Similarities Between the war in Iraq and the Vietnam War
As time passes, every society endures situations which stress its’ very fabric. Each societies’ history is sprinkled with these situations. One such situations which the United States underwent was the Vietnam war. For years this particular event has been hotly debated. Hardly anyone who was present at the time agrees on any point concerning this war, except that they regret it. It has become “the greatest American foreign policy calamity of the century.” . Now the United States finds itself entangled in another war. A war in Iraq which is beginning to resemble more and more the events of the Vietnam war. Many analysts, and even the public have begun to wonder if the current situation is the same as what took place in Vietnam. The answer is a disturbing yes. The current military engagement in Iraq is showing signs that it will become for this generation what Vietnam was to that generation.
While there are many similarities and differences between these two engagements, there are more similarities. One of the most visible similarities between the two situations are the situations of the current and past Presidents. The President in charge at the beginning of the Vietnam war was Lyndon B. Johnson. The current President in charge of the war in Iraq is George Bush. Both presidents were launched into situations which they were unprepared. Johnson was catapulted unexpectedly into the presidency after the assassination of John F. Kennedy. Bush also was launched into an unexpected war on terrorism after the terrorist attacks of September 11th. While their goals differ the outcome of their decision ended up the same. Johnson’s goal was only to do enough in Vietnam in order to avoid losing Vietnam to communism. Bush’s goals are to fight terrorism and prevent other possible terrorist attacks.
In both cases public opinion of the president and of the military engagement went down. Polls of American society showed that Johnson’s popularity, at just 35 percent had fallen lower than any other president since Truman. Currently Bush’s popularity has fallen to the mid 40 percent. Increasing numbers of citizens are beginning to believe that his handling of the Iraqi threat has only increased the overall terrorist threat. Public opinion which was once heavily in support of the war in Iraq, has fallen to 57 percent, just barely a majority. In the case of the Vietnam war the next president’s first order of business was to remove the troops from battle, and already the talk is of how to disentangle the troops and get them home. Presidential candidates during the Vietnam era placed heavy emphasis on their commitment to withdrawing troops, while present Presidential candidate John Kerry has been quoted as saying “We need to set a new course in Iraq,we need toput an end to the American occupation.” During the Vietnam Era, there were numerous protests. Thousands of Americans protested American involvement in Vietnam.
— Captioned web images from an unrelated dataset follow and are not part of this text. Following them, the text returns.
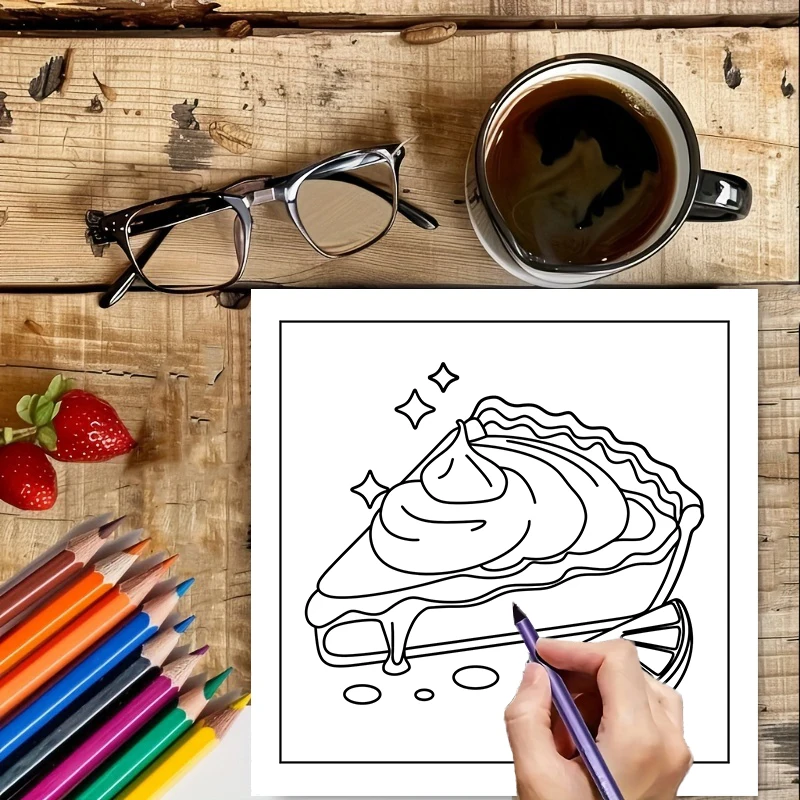 Einfaches Malbuch für Erwachse – Food Snacks Coloring Book Bewertung und Preis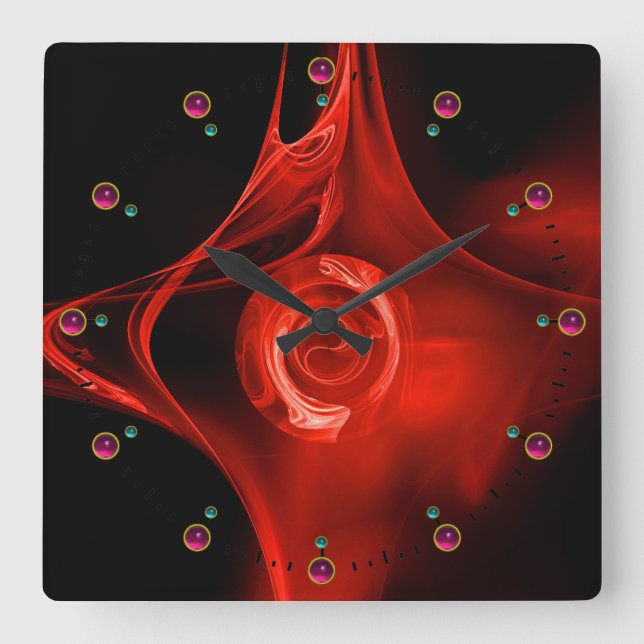HORLOGE CARRÉE ROSE ROUGE FRACTAL DANS LES ROSES NOIRES FUCHSIA G (Recto)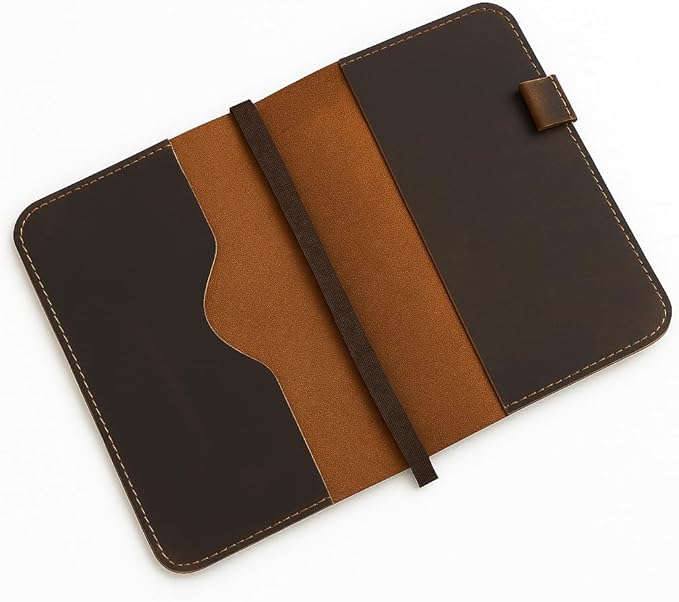A5 Leather journal cover, Refillable Journal Cover for Large and Medium A5, Leather Handmade Notebook Cover, 5.75 x 8.25 Inches Leather Bound Journal (Brown)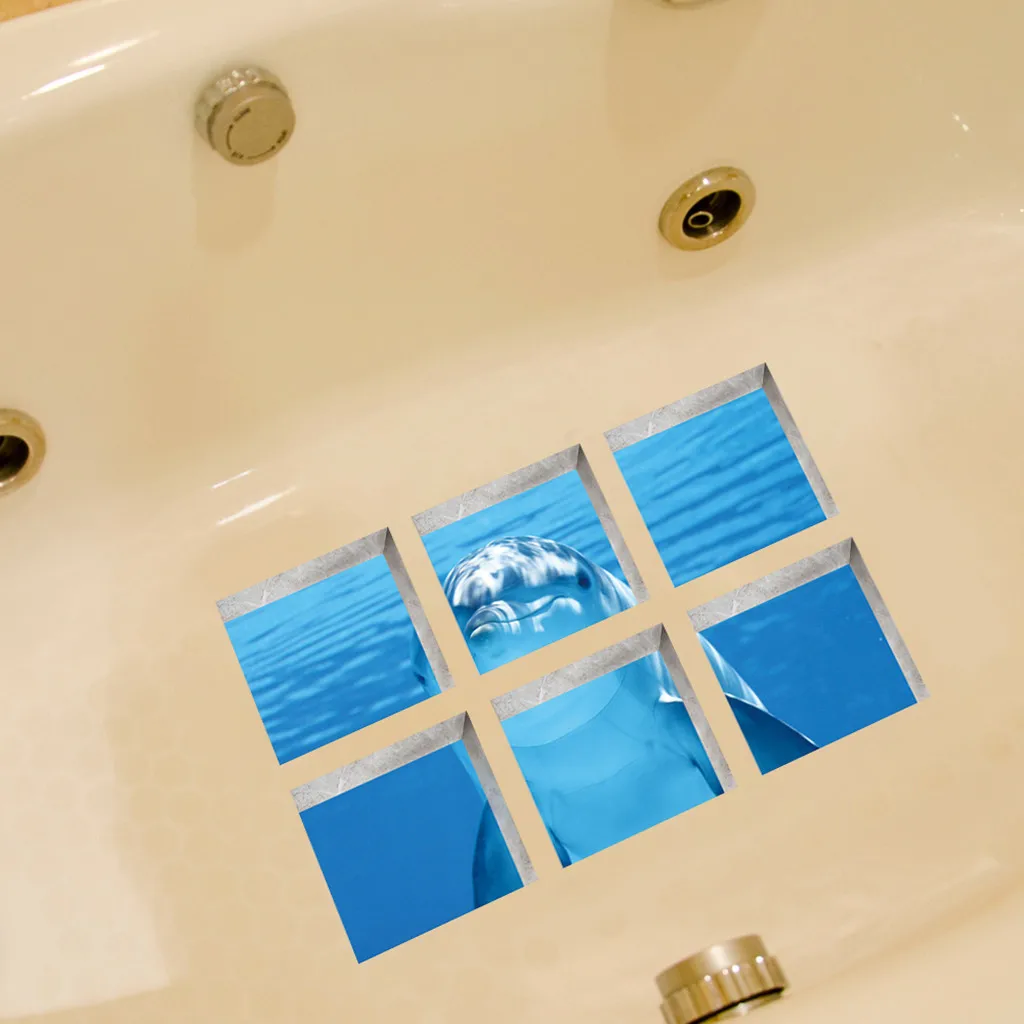 6 шт. ПВХ 3D наклейки для ванной, противоскользящие наклейки для ванной комнаты, детский коврик для ванной, самоклеющиеся водонепроницаемые наклейки для ванной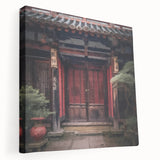 Japanese architecture door design on stretched canvas, subtle earth tones, suited for kitchen wall art.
All across America there were protests on college campuses and many such incidents ended in violence. In some cases the National guard was even sent in to calm volatile situations, such as the protesting at Kent State University which left four students dead.
These foreign commitments also held similar military elements. Neither president initially intended to send the number of troops as they ended up sending. In 1963 after Kennedy’s assassination there were 16,000 American troops in Vietnam. By the end of 1965 there were 184,000. The number of American troops continued to increase until it reached its peak at 542,000 in 1969. The number of troops continued to increase despite continuing reports from the government that an end was near. Currently General John Abizaid stated “he needs at least 10,000 more troops than he had previously envisioned.”
A major reason for the public backlash was the personal aspect of the war. The Vietnam war seemed to hit home, this led to most of the widespread protests. The current war is the same with the added element of television. As communications have become faster and clearer, the war has been brought into people’s homes like never before. President Bush has acknowledged this by stating “Look, nobody likes to see dead people on their television screens, I don’t. It’s a tough time for the American people to see that. It’s gut wrenching.”
In conclusion, while the Vietnam war of the 1960’s and the current war in Iraq are two distinctly different wars, the latter is showing signs of becoming the former. All of the major aspects of the Vietnam wars are being shown, if only in lesser portions, in the current military engagement in Iraq. Both wars have negatively effected the Presidents in charge, both are viewed as military debacles, both are an intense source of debate and protest in America, and both increased the number of troops in action to numbers previously deemed unnecessary.